Der Koalitionsvertrag steht und das F-Wort steht drin: eine 30%-Frauenquote in Aufsichtsräten. Während dieser erneute Vorstoß noch Debatten auslöst, passiert die im selben Bereich von der EU-Kommission vorgeschlagene 40%-Frauenquote eine Gesetzgebungsetappe nach der nächsten: Nachdem am 14. Oktober die beiden zuständigen Ausschüsse den Richtlinienentwurf angenommen hatten, stimmte am 20. November auch das Europäische Parlament zu. Die Mehrheitsverhältnisse im Rat, in dem bisher eine Sperrminorität bestand, könnten sich mit dem Meinungsumschwung Deutschlands verändert haben.
Das Rechtsetzungsvorhaben, mit dem die EU erstmals selbst sogenannte Maßnahmen positiver Diskriminierung ergreift, geht mit Missverständnissen einher.
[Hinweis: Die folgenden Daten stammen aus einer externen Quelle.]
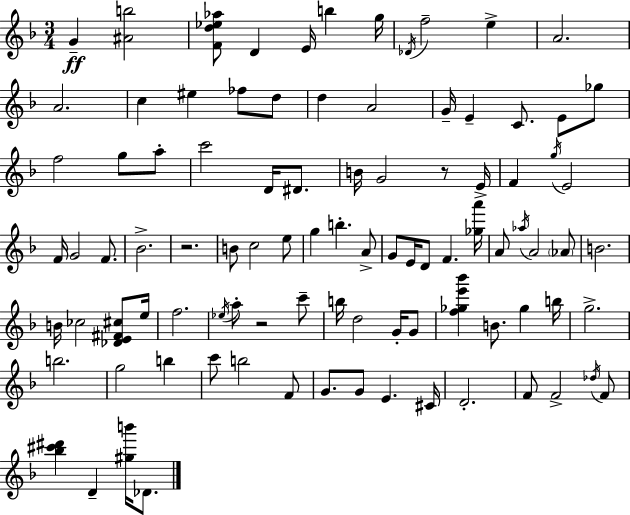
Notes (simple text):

G4/q [A#4,B5]/h [F4,D5,Eb5,Ab5]/e D4/q E4/s B5/q G5/s Db4/s F5/h E5/q A4/h. A4/h. C5/q EIS5/q FES5/e D5/e D5/q A4/h G4/s E4/q C4/e. E4/e Gb5/e F5/h G5/e A5/e C6/h D4/s D#4/e. B4/s G4/h R/e E4/s F4/q G5/s E4/h F4/s G4/h F4/e. Bb4/h. R/h. B4/e C5/h E5/e G5/q B5/q. A4/e G4/e E4/s D4/e F4/q. [Gb5,A6]/s A4/e Ab5/s A4/h Ab4/e B4/h. B4/s CES5/h [Db4,E4,F#4,C#5]/e E5/s F5/h. Eb5/s A5/e R/h C6/e B5/s D5/h G4/s G4/e [F5,Gb5,E6,Bb6]/q B4/e. Gb5/q B5/s G5/h. B5/h. G5/h B5/q C6/e B5/h F4/e G4/e. G4/e E4/q. C#4/s D4/h. F4/e F4/h Db5/s F4/e [Bb5,C#6,D#6]/q D4/q [G#5,B6]/s Db4/e.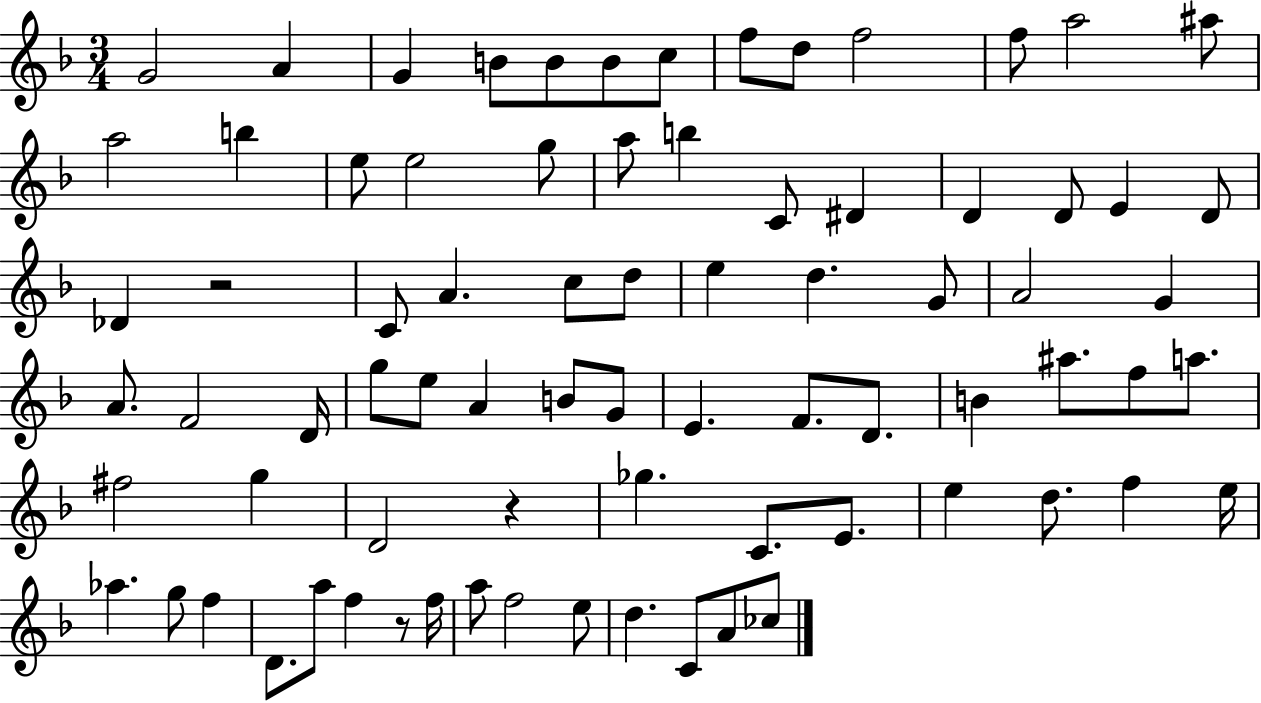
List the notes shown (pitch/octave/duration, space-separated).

G4/h A4/q G4/q B4/e B4/e B4/e C5/e F5/e D5/e F5/h F5/e A5/h A#5/e A5/h B5/q E5/e E5/h G5/e A5/e B5/q C4/e D#4/q D4/q D4/e E4/q D4/e Db4/q R/h C4/e A4/q. C5/e D5/e E5/q D5/q. G4/e A4/h G4/q A4/e. F4/h D4/s G5/e E5/e A4/q B4/e G4/e E4/q. F4/e. D4/e. B4/q A#5/e. F5/e A5/e. F#5/h G5/q D4/h R/q Gb5/q. C4/e. E4/e. E5/q D5/e. F5/q E5/s Ab5/q. G5/e F5/q D4/e. A5/e F5/q R/e F5/s A5/e F5/h E5/e D5/q. C4/e A4/e CES5/e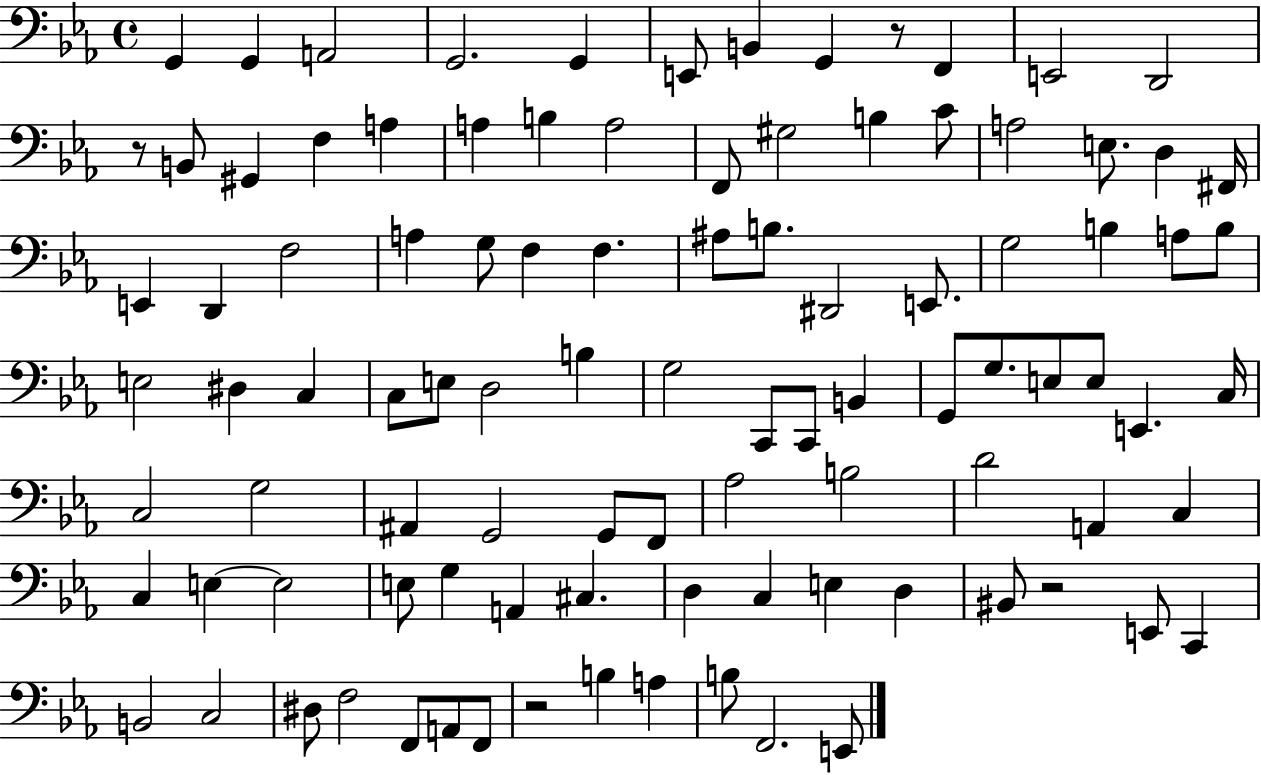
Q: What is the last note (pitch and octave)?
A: E2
Im Fokus der geplanten Richtlinie steht keine Ergebnisquote, sondern ein Verfahren mit einer Vorrangregelung und einer Zielvorgabe. Ihr Ziel ist nicht Ergebnisgleichheit, sondern die Herstellung und Verwirklichung von Chancengleichheit. Deswegen überschreitet die EU mit der Richtlinie weder die Grenzen, die die Kompetenzgrundlage des Art. 157 Abs. 3 AEUV vorgibt, noch diejenigen, die der EuGH Maßnahmen der positiven Diskriminierung in seiner Rechtsprechung gezogen hat.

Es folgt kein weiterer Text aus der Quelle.